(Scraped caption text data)
▶

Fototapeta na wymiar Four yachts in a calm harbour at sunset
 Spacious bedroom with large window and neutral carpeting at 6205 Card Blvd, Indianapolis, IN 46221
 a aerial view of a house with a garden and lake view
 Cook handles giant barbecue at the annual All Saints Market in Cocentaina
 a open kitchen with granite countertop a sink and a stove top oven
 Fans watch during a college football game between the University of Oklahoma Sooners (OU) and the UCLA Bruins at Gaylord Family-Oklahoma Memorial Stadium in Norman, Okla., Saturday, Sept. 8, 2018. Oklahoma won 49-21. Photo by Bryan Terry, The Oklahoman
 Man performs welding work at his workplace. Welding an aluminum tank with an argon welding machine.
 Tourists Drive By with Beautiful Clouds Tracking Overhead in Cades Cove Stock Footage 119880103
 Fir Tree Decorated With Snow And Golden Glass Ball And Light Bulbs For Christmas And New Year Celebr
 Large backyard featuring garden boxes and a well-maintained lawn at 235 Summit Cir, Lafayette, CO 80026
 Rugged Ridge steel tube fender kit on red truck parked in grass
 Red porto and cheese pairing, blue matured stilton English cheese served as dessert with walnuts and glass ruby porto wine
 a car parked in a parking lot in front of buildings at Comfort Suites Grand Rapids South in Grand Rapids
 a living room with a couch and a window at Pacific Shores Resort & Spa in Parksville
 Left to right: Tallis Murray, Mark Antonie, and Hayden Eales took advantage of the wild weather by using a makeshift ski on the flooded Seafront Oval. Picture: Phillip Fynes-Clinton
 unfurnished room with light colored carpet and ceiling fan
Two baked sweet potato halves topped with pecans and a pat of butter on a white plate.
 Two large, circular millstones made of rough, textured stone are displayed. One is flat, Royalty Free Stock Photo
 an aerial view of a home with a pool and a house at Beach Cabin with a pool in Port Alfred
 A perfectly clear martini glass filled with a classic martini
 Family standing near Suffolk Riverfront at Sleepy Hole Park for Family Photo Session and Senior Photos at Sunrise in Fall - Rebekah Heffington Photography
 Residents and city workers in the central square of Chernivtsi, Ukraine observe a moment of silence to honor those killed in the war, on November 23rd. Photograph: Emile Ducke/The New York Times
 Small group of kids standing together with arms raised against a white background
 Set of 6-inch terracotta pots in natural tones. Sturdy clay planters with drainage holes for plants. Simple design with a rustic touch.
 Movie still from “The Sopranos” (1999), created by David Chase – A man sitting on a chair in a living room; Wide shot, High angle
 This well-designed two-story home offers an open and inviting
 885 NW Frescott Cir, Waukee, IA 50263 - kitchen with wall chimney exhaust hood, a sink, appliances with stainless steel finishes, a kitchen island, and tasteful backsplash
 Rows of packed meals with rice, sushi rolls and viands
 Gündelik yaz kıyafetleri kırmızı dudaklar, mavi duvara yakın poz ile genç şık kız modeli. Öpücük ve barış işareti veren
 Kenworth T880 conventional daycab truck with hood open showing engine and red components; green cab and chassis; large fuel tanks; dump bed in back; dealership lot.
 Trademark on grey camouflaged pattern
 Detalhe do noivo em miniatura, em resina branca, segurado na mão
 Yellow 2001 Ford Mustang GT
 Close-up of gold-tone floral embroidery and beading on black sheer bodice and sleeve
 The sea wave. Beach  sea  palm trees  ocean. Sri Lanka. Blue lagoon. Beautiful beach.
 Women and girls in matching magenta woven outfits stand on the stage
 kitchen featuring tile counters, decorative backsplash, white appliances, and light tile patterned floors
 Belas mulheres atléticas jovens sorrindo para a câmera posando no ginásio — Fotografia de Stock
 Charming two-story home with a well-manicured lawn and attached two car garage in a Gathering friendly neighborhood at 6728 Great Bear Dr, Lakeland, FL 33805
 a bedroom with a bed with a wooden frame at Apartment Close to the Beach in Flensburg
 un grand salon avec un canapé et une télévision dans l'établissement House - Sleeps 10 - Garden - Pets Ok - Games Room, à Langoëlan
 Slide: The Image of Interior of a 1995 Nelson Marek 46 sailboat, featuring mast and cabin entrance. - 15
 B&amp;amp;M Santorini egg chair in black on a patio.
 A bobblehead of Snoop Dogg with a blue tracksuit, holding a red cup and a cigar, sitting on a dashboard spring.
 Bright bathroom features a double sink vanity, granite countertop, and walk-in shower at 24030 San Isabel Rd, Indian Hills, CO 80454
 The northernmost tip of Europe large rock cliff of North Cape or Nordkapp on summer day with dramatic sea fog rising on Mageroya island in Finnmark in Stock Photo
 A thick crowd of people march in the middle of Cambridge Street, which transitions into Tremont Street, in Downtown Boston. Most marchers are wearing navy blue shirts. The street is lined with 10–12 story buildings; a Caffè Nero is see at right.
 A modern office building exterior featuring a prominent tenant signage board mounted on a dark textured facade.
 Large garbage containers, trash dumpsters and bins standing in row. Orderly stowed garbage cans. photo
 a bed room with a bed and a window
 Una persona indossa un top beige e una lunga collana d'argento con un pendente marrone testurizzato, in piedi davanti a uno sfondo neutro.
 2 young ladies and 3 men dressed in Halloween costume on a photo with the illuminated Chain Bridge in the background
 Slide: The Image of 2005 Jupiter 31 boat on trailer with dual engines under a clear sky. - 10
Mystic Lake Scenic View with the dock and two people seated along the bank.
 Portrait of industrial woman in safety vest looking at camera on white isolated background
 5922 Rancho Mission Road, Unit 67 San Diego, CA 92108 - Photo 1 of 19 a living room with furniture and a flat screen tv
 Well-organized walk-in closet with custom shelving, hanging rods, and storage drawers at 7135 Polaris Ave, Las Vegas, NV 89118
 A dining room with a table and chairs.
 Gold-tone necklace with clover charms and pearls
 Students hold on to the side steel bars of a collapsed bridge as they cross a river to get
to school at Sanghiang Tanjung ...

◀

• Work task: Exactly the lines from the one containing "Mystic Lake Scenic" through the end of the records above are to be printed, and no others.

• Task response:
Mystic Lake Scenic View with the dock and two people seated along the bank.
 Portrait of industrial woman in safety vest looking at camera on white isolated background
 5922 Rancho Mission Road, Unit 67 San Diego, CA 92108 - Photo 1 of 19 a living room with furniture and a flat screen tv
 Well-organized walk-in closet with custom shelving, hanging rods, and storage drawers at 7135 Polaris Ave, Las Vegas, NV 89118
 A dining room with a table and chairs.
 Gold-tone necklace with clover charms and pearls
 Students hold on to the side steel bars of a collapsed bridge as they cross a river to get
to school at Sanghiang Tanjung ...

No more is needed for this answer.